Sometimes I wonder if listening to a book isn’t cheating. Is listening to a book too passive an act to be considered useful to a writer? I’m torn. It occasionally feels like that. I’ve let the first 4 Hamish MacBeth books pour into my ears like mineral oil used to float a bug out. (That’s a thing.) I started my heavy listening of traditional mysteries last spring, in preparation for writing my first cozy novel, and now can’t stop. Thank goodness there are a ridiculous number of mysteries out there. Unfortunately I’ve listened to so many that I’ve found there are some books that are marvelous in audio, but are barely readable on the page. (Not telling. Let’s just say I never tried paper with that author again.) It’s as though my listening brain is so focused on the story that it can ignore the weak writing–something I seriously have a hard time doing when I’m looking at a page.

Although magazine and Buzzfeed-type quiz testing tells me that I’m an equally visual and audio learner, I retain stories I hear in much more detail than I do when I read words on a page. Yet the story plays out in my head in much the same way for both–I get to visualize the characters, I get to make educated guesses, I get to participate in ways I don’t when watching a film.

And yet. One of the reasons I still read more paper books than I do ebooks is that I am better able to create a mental map of both the book and the story when I can actually touch and turn pages. It feels participatory in a way that swiping never does. Ebook pages are too uniform. They aren’t alive. Now, that’s just my mental eccentricity–I do read and publish ebooks. It’s just that the experience is different. Stories have a shape, and I like to feel the shape so I can create story shapes for myself. If that all sounds a little Montessori Method to you, sorry. It’s the only way I can think to describe it.

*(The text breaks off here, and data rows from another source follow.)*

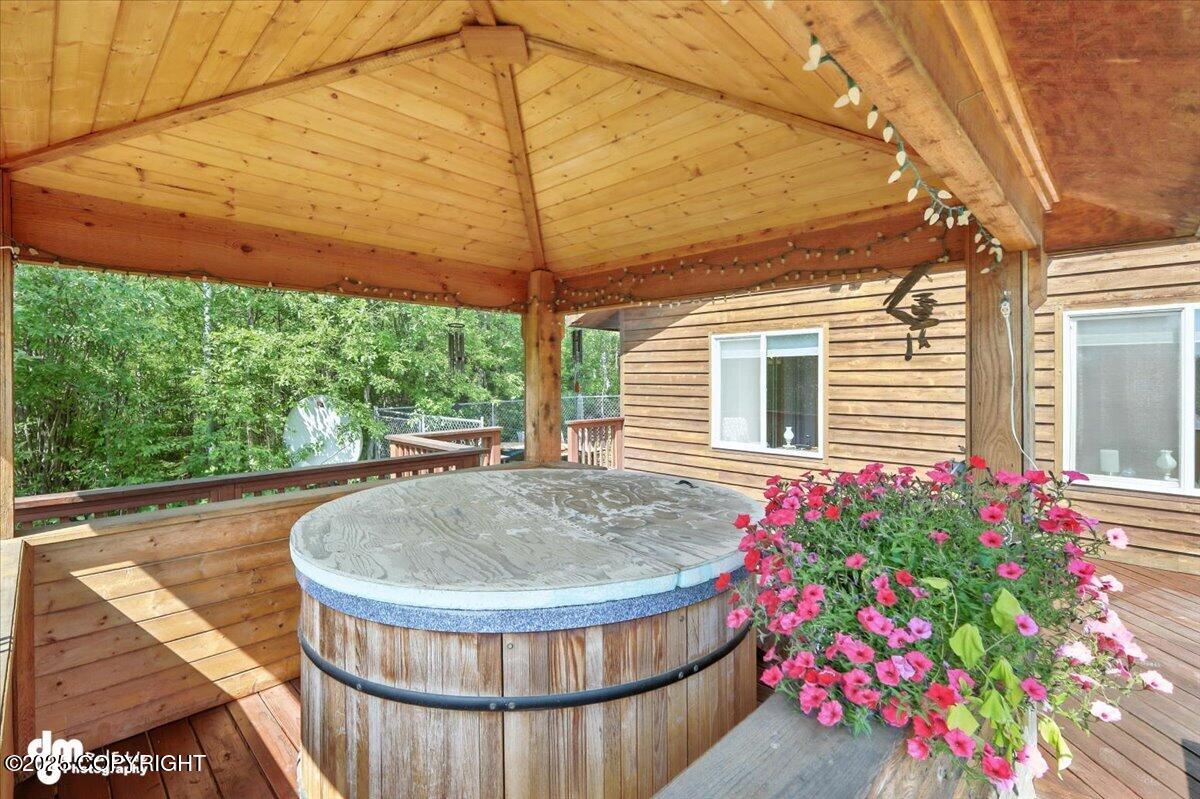 Big Lake, Alaska 99652, United States, 3 Bedrooms Bedrooms, ,2 BathroomsBathrooms,Residential,Active,155455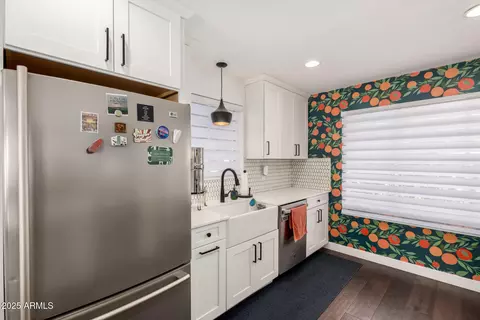 Kitchen - 1209 W Colter St, Phoenix, AZ 85013 photo 3 of 4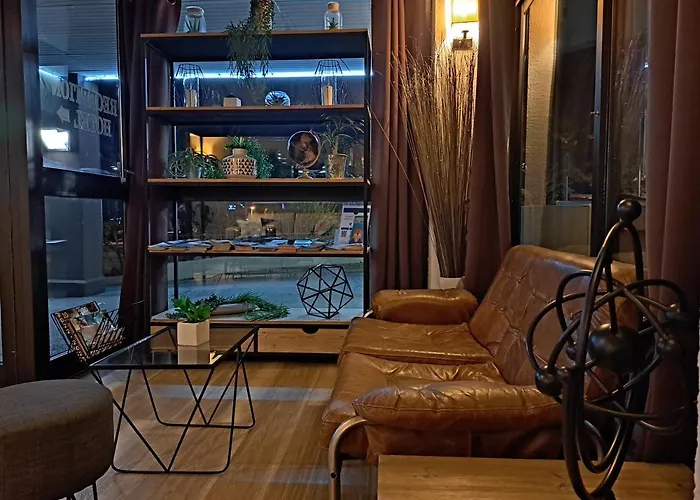 Le Collier Hotel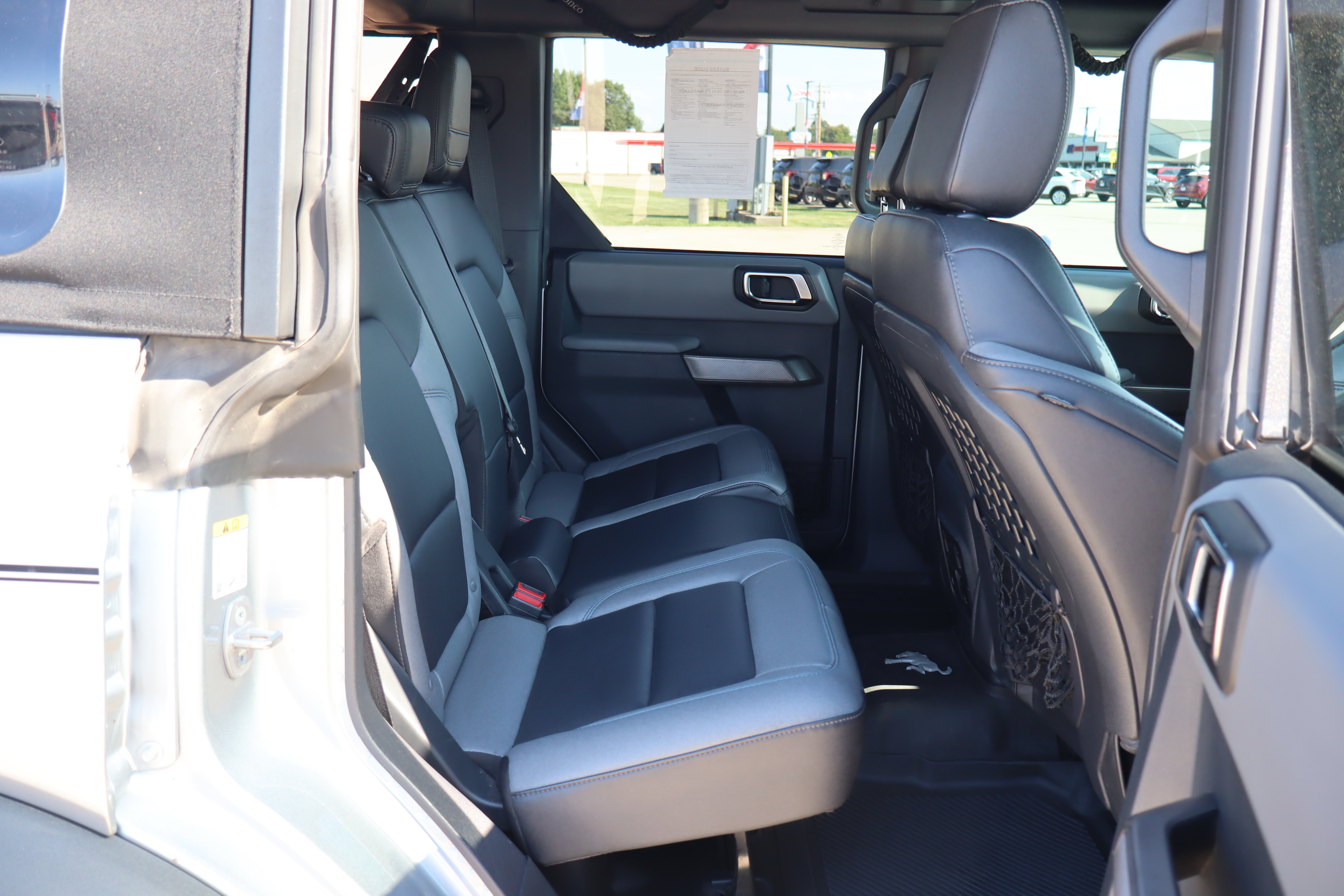 Used 2022 Ford Bronco Black Diamond AWD/4WD image 12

I do, to some extent, also see the shape of stories when I listen to them.

I know. This is starting to sound a little too theoretical. A little too woo-woo. But I can’t shake the feeling that I’m betraying my writer self if I’m not reading words on a page. There are times when I realize I’ve been thinking about something else for a minute or two and have to click back to hear what I’ve missed. That’s not to say there haven’t been many times that’s happened as I looked at a paper book.

What say you, dear Zoners? Am I splitting hairs? As writers, do you think there’s a best way to experience a story?